§ **Material to process**:
-----
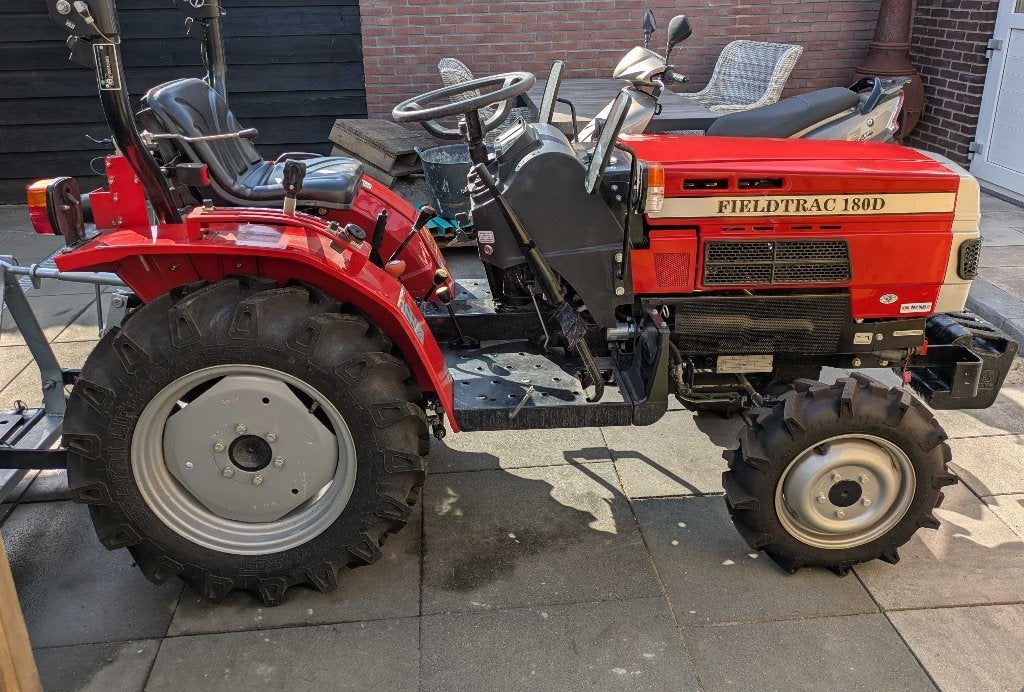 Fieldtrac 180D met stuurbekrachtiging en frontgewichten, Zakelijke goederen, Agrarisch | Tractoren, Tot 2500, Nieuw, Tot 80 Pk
-----
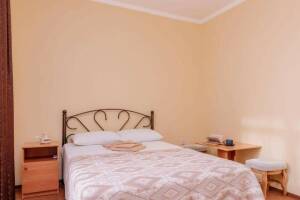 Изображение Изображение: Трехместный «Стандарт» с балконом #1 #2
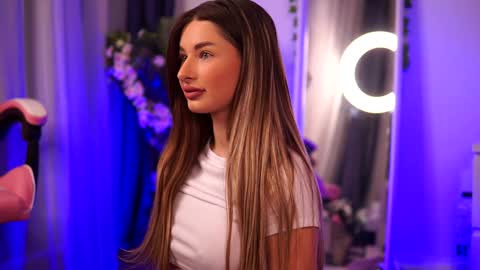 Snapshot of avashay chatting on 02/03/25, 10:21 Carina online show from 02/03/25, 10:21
-----
§ **Requirement**:
Transcribe only this stretch of the data: the line with "Изображение Изображение: Трехместный", the line with "Snapshot of avashay", and every line in between. Leave out the pictures.

§ **Answer for this exercise**:
 Изображение Изображение: Трехместный «Стандарт» с балконом #1 #2
 Snapshot of avashay chatting on 02/03/25, 10:21 Carina online show from 02/03/25, 10:21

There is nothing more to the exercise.